- [Brief] Return exactly the lines below, starting with the one that has "Pilotii unei aeronave" and going on through the one that has "2022 Mitsubishi Outlander".

- [Data for this task]
+ + + + + + +

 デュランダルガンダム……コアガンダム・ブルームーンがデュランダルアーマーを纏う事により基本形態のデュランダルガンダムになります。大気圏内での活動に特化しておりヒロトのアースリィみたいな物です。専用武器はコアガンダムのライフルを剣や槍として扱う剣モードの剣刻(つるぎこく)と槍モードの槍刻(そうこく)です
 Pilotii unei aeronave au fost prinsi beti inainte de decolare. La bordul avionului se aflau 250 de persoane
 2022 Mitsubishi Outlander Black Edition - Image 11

+ + + + + + +

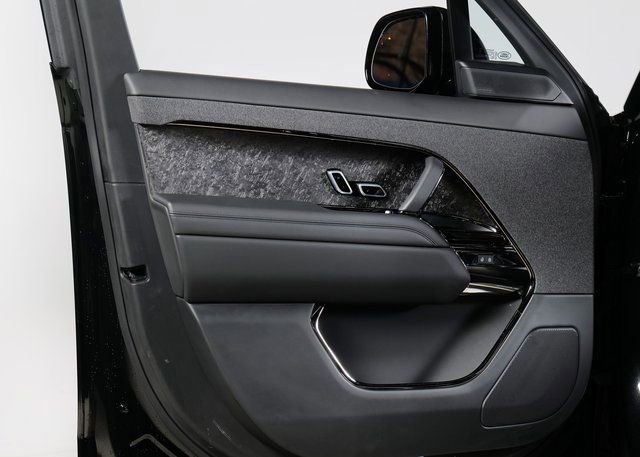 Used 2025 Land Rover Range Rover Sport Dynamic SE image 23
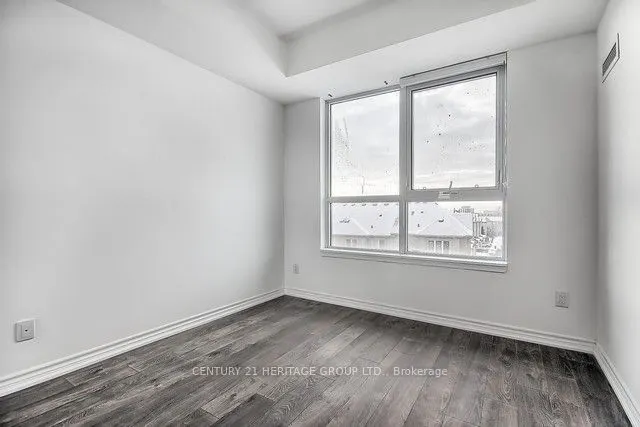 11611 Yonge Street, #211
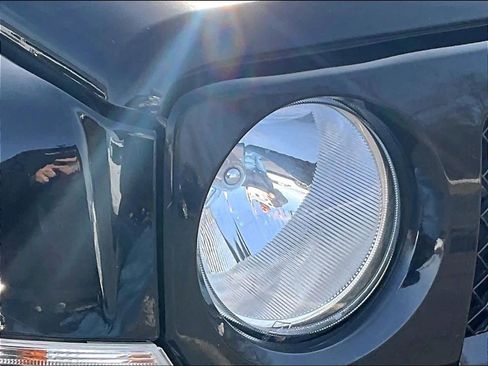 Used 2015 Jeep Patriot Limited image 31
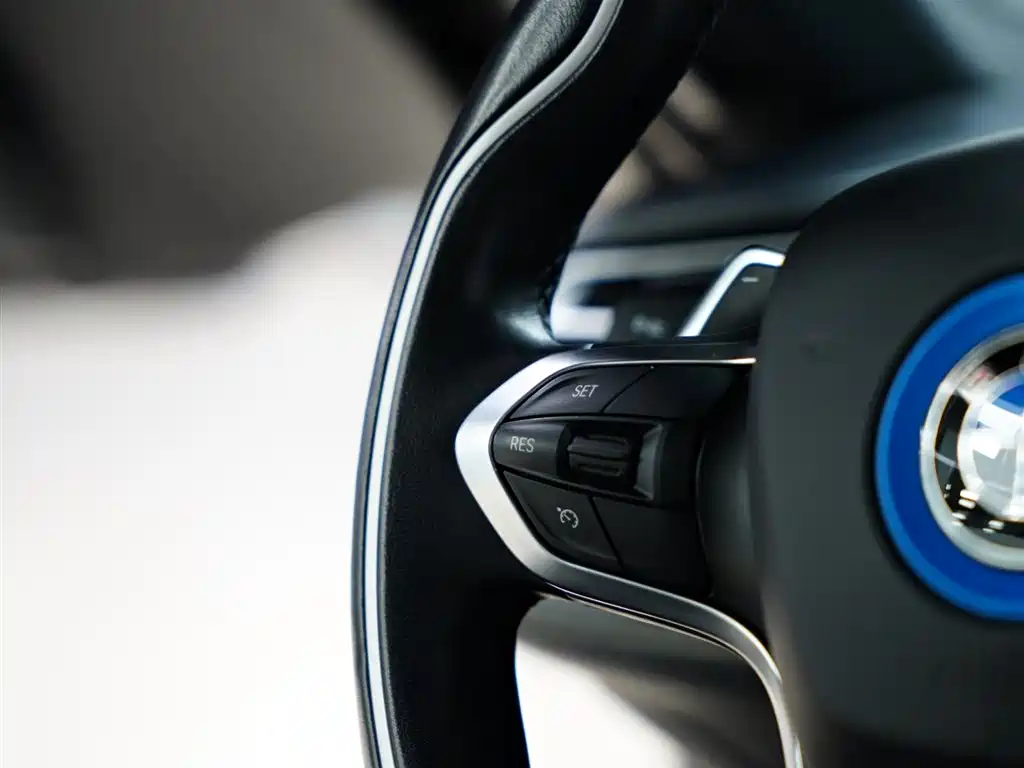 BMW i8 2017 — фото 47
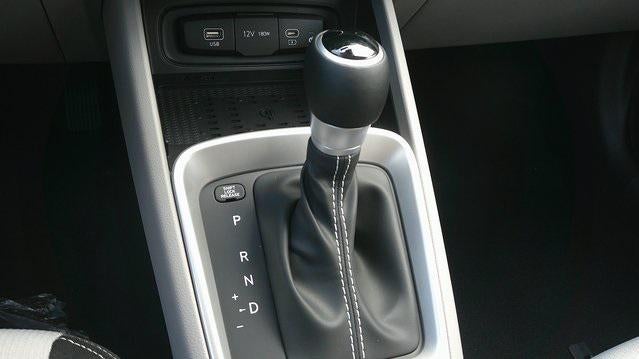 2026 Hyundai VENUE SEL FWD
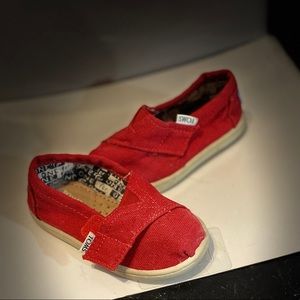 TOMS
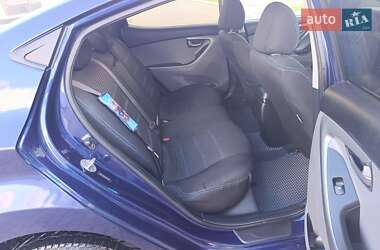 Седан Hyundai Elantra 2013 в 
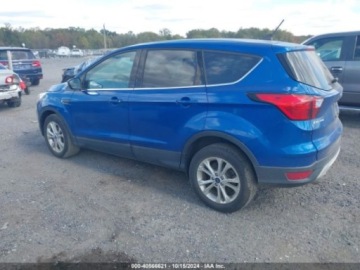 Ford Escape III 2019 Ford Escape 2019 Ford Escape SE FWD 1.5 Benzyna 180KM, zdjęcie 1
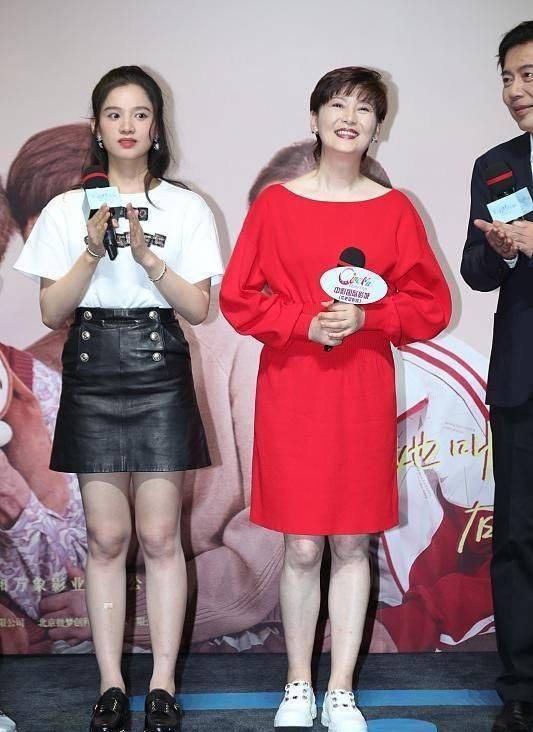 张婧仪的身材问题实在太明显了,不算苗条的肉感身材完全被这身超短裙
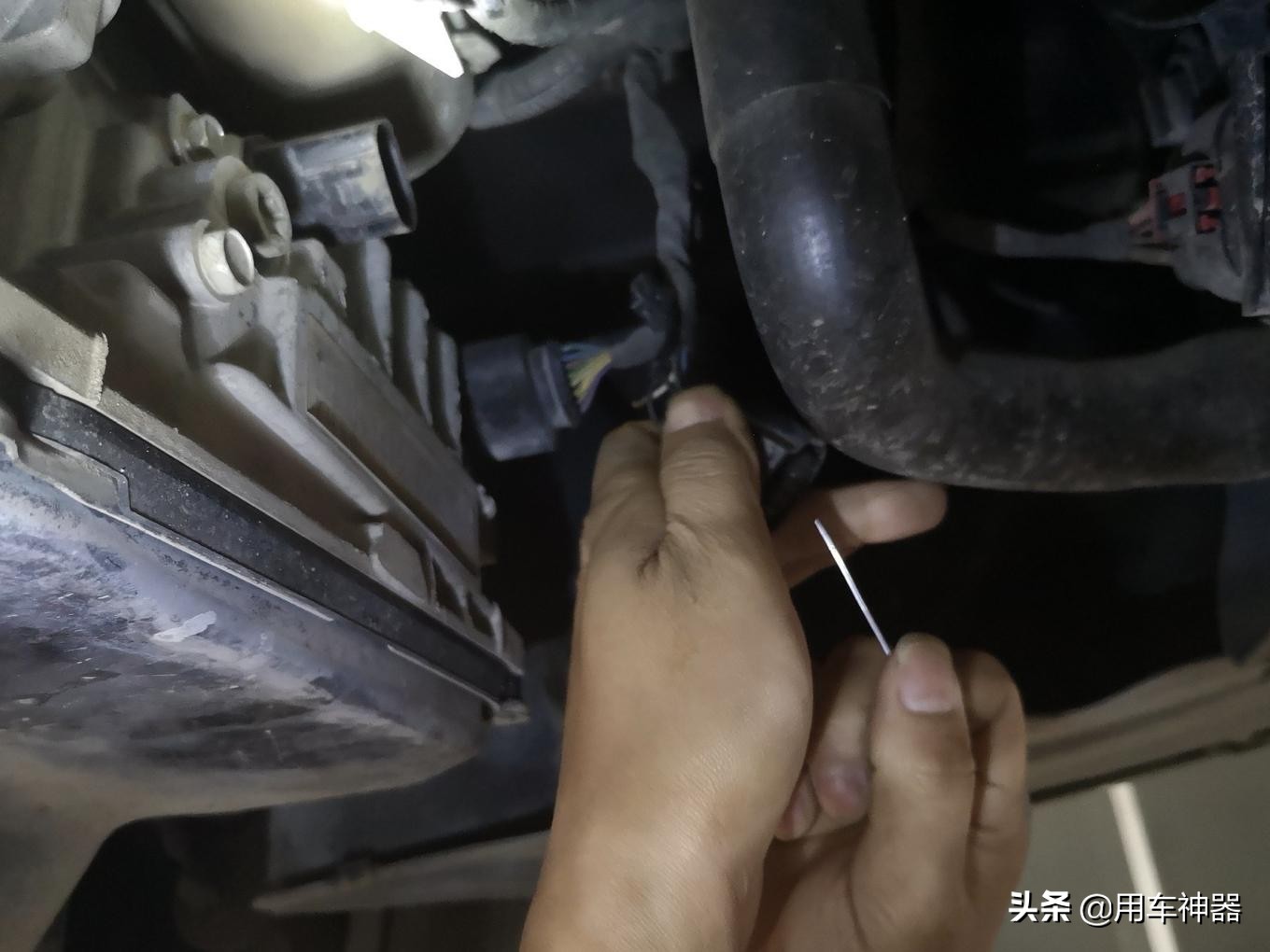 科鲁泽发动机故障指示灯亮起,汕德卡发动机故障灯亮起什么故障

+ + + + + + +

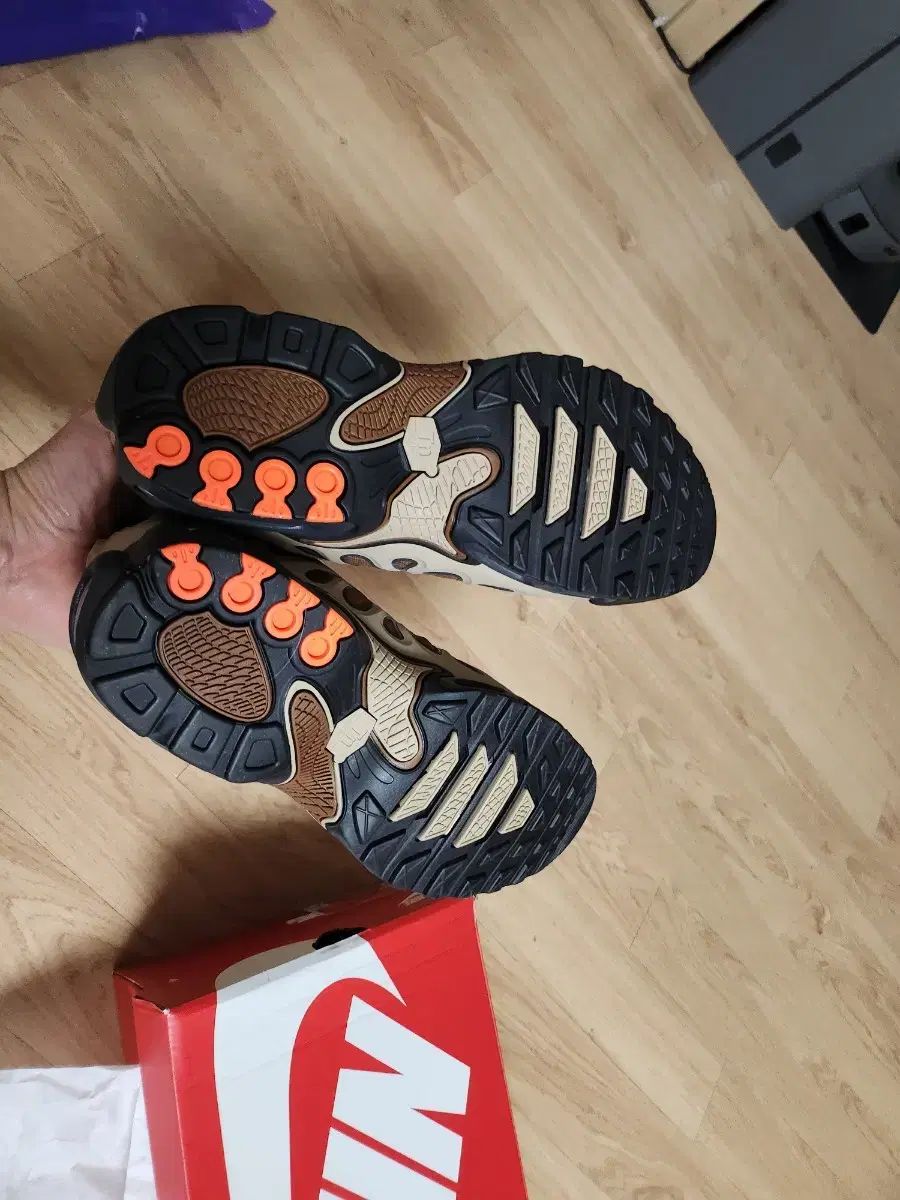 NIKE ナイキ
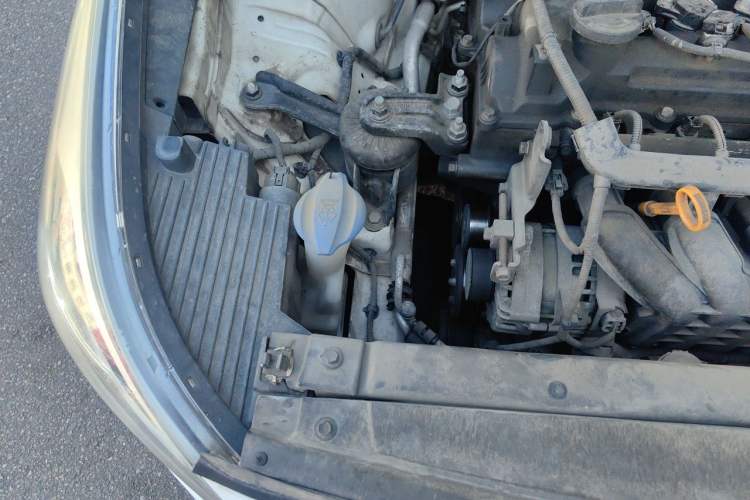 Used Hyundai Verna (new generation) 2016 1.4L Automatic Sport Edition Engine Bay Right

+ + + + + + +

- [Response box]
 Pilotii unei aeronave au fost prinsi beti inainte de decolare. La bordul avionului se aflau 250 de persoane
 2022 Mitsubishi Outlander Black Edition - Image 11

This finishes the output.